• _Data provided_
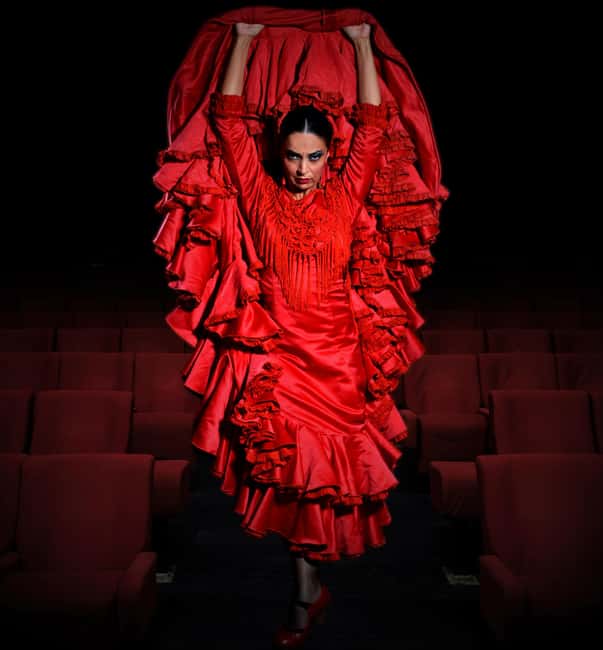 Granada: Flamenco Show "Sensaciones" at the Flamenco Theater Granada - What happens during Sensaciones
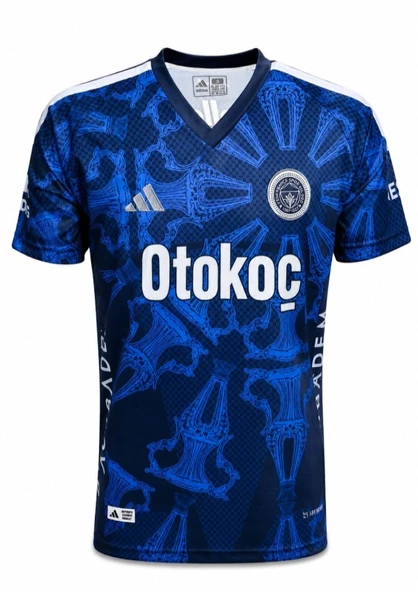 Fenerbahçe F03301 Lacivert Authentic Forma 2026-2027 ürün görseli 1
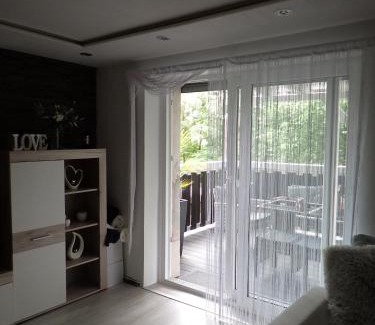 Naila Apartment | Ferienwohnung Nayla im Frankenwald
==
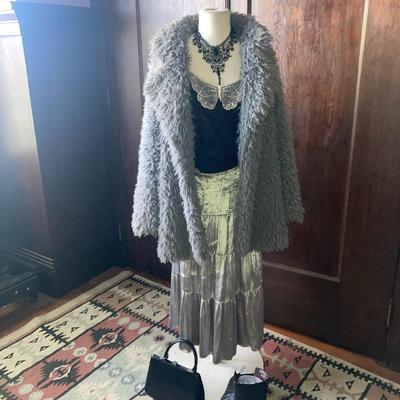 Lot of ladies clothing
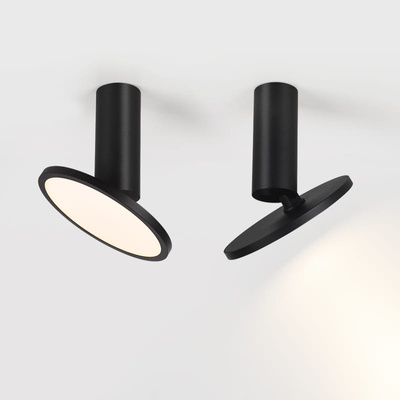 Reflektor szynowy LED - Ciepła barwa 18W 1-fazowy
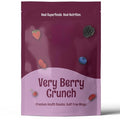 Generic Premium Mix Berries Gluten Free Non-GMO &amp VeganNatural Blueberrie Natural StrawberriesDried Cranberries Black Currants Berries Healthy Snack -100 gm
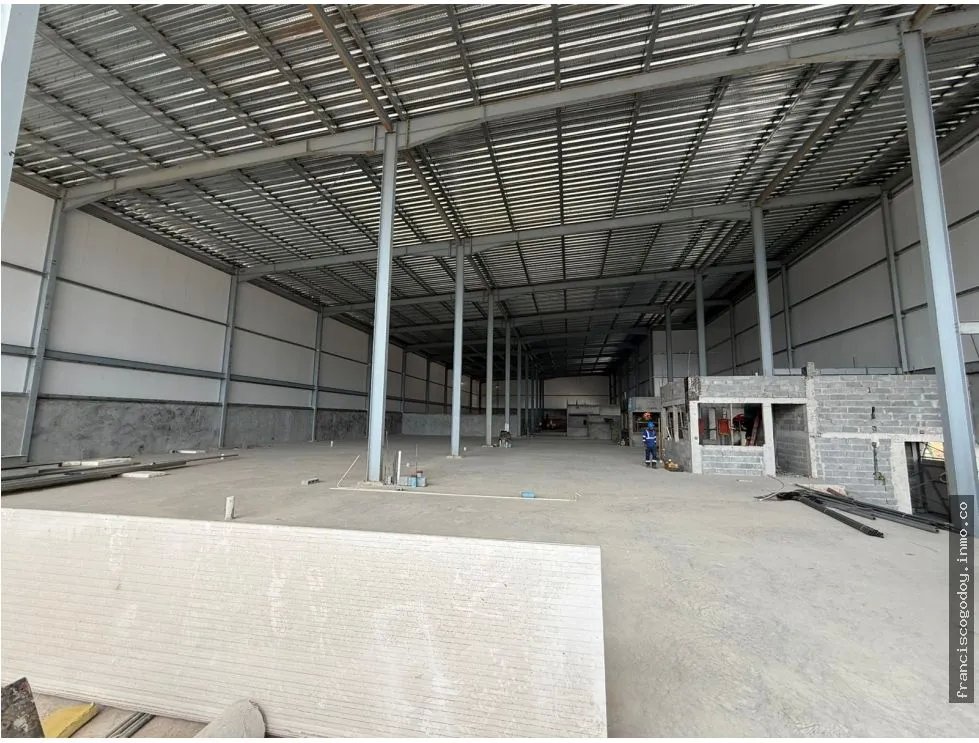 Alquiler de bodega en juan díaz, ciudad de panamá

• _Prompt_
Once the line with "Reflektor szynowy LED" is found above, transcribe each line from it through the line with "Alquiler de bodega", exactly, and omit the pictures.

• _Solution_
 Reflektor szynowy LED - Ciepła barwa 18W 1-fazowy
 Generic Premium Mix Berries Gluten Free Non-GMO &amp VeganNatural Blueberrie Natural StrawberriesDried Cranberries Black Currants Berries Healthy Snack -100 gm
 Alquiler de bodega en juan díaz, ciudad de panamá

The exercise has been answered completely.